Tombstones and cemeteries, all the consequences of ghost-hood.

I wanted out.

A motivation problem, I told Sarah. Not enough mobility or hostility. A shortage of spirit. Turned around, I said. I’d walked in blind, I hadn’t understood the terms.

Sarah stepped out of the shower.

She toweled off, dusted herself with powder, examined her breasts in a mirror, and stood on the bathroom scale. One hundred and twelve pounds, but each ounce carried authority.

“Well,” she said, “you’re crawling up on a conclusion.”

“Hard to say.”

“Say it.”

I wiped off a damp spot at the small of her back.

“Everything,” I said. “Start with treason. And this boot camp thing—those two zombies. Like a death squad. Can’t tell the good guys from the bad guys, they’re all gunslingers. Completely scrambled. But it’s lethal. I know that much, it’ll kill somebody.”
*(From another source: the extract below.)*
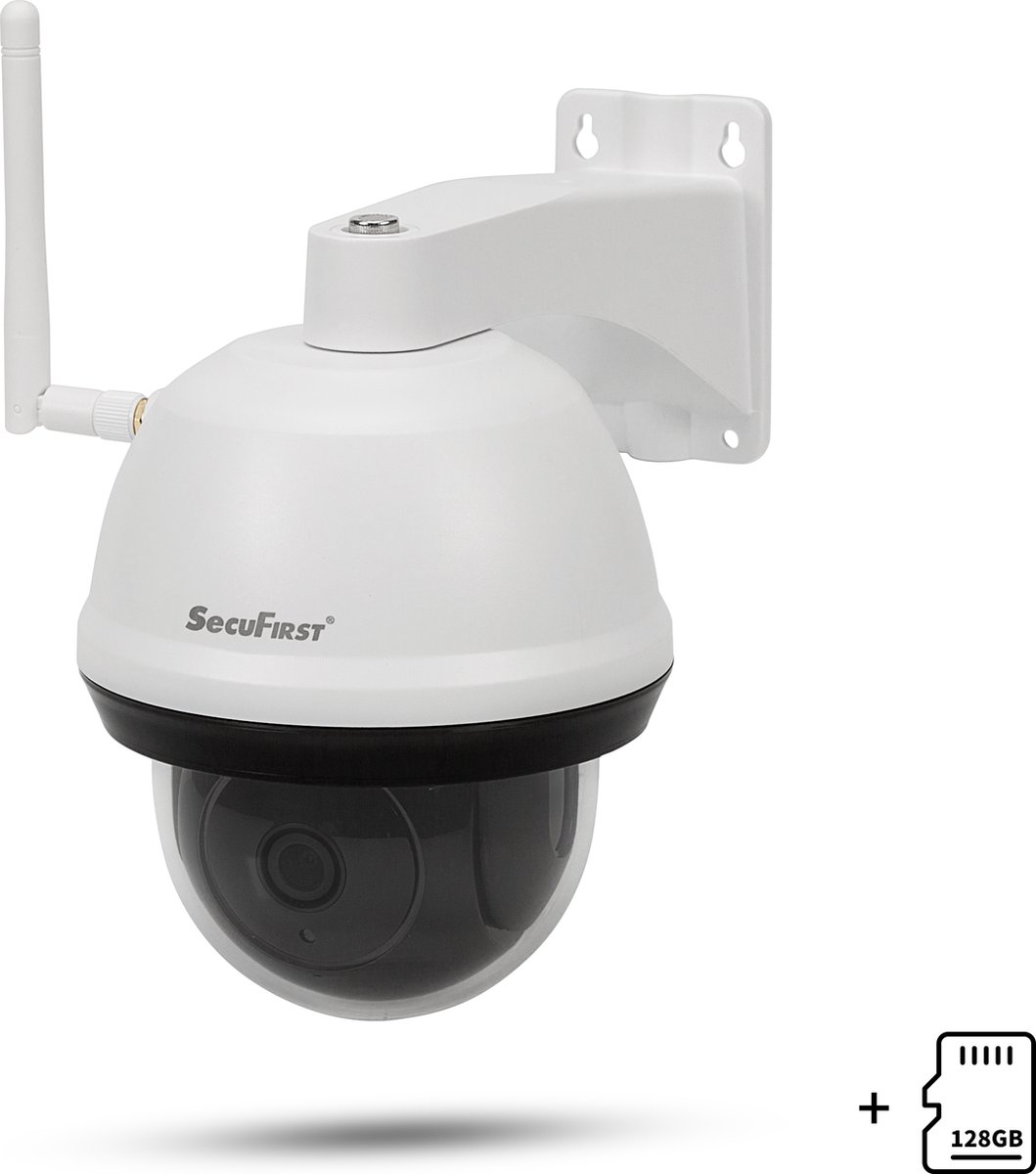 SecuFirst CAM214W met 128GB Opslag Dome Camera wit - IP Camera draai- en kantelbaar voor buiten - FHD 1080P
“Lethal?” Sarah said. She stood facing the mirror. Her skin was a glossy brown, freckled at the shoulder blades. I wanted to touch her but it seemed inappropriate. After a moment she turned. “Funny coincidence, William, but that’s exactly what the folks in Da Nang keep saying. When the artillery comes down. Kaboom. Lethal, they say.”

“Granted.”

“Lethal times. Take it or leave it.”

“Yes,” I said. “Leave it.”

“Walk?”

“Maybe.”

For a moment she looked at me without expression. Then she smiled. It was a neutral smile, not angry, just dense with indifference.

“Sissy-ass,” she said. “A sad case, man.” She aimed a hair dryer at me. “Anyhow, you wouldn’t last ten minutes out there on your own. What about cash? Connections? And this minor legal hassle with Uncle Sam—you guys had a date, remember?”